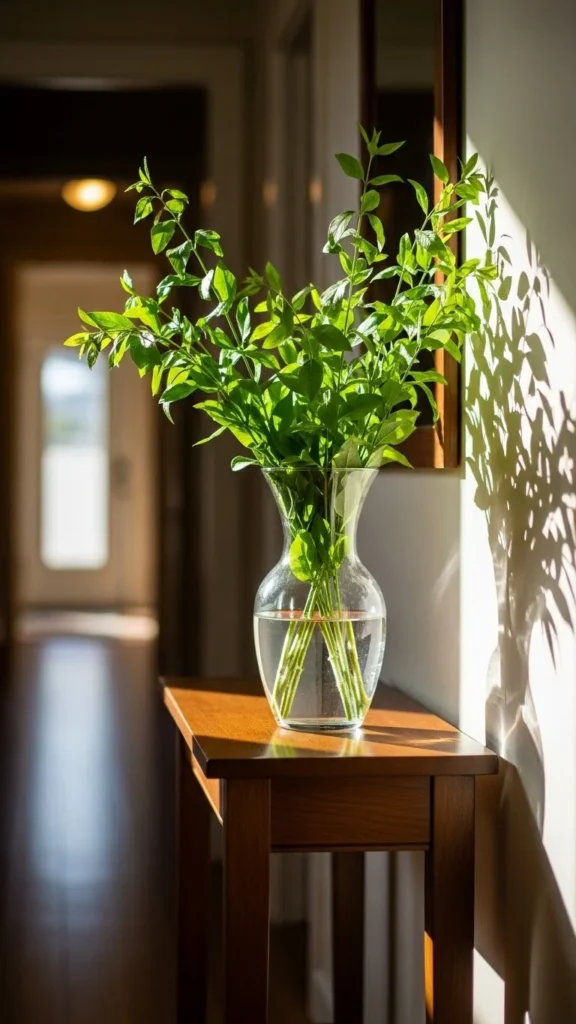 Glass Vase With Green Stems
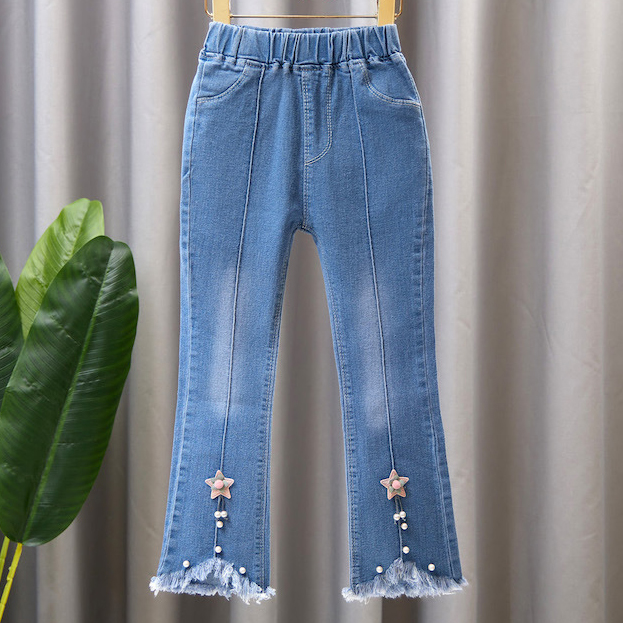 【2Y-13Y】Girl Fashion Flowers And Beads Blue Jeans 【2Y-13Y】Girl Fashion Flowers And Beads Blue Jeans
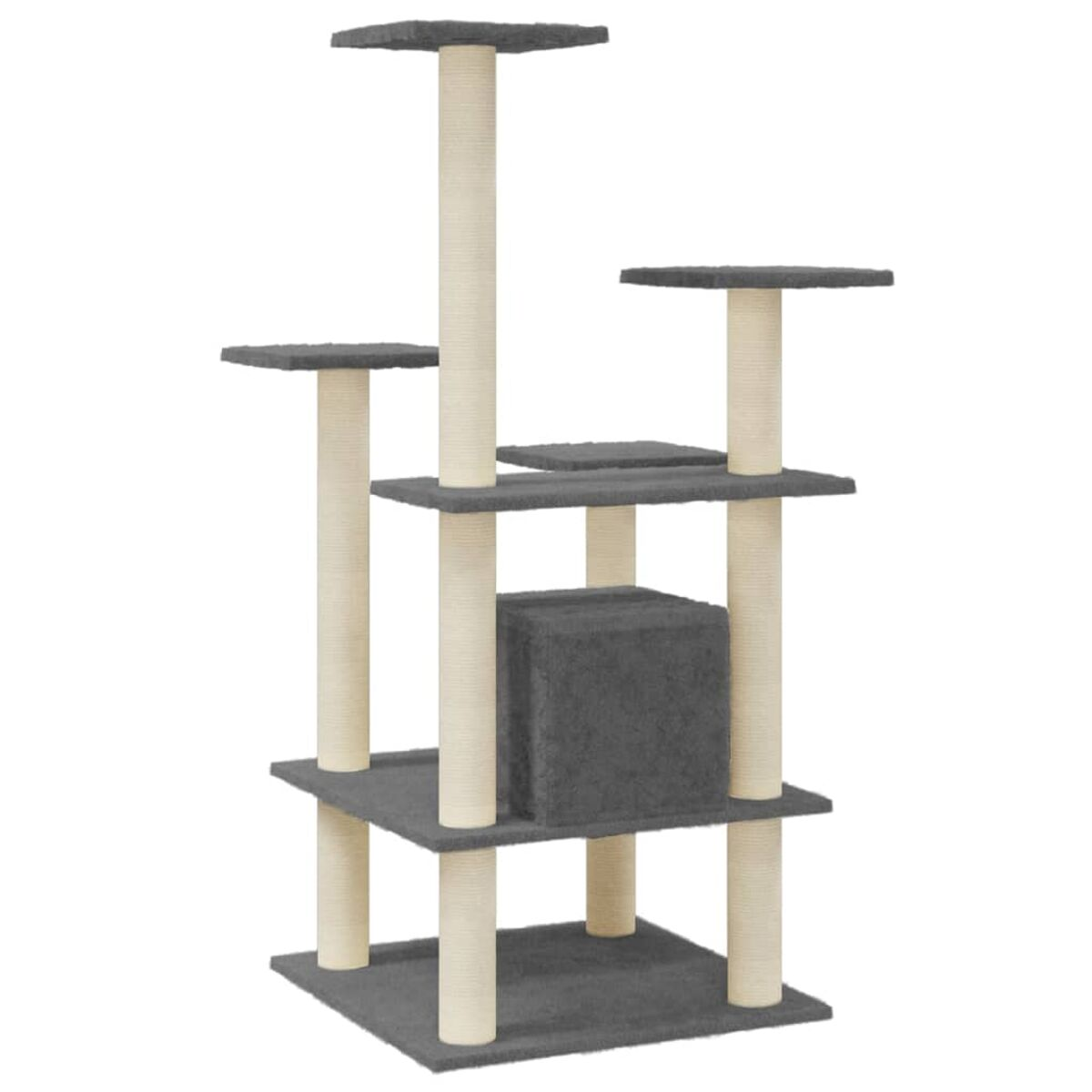 Katzenbaum mit grauen Plattformen, Pfosten und einem Würfel. Weißer Hintergrund.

● ● ● ● ●

Your answer must be the full listing, reproduced word for word, without its pictures.

 Glass Vase With Green Stems
 【2Y-13Y】Girl Fashion Flowers And Beads Blue Jeans 【2Y-13Y】Girl Fashion Flowers And Beads Blue Jeans
 Katzenbaum mit grauen Plattformen, Pfosten und einem Würfel. Weißer Hintergrund.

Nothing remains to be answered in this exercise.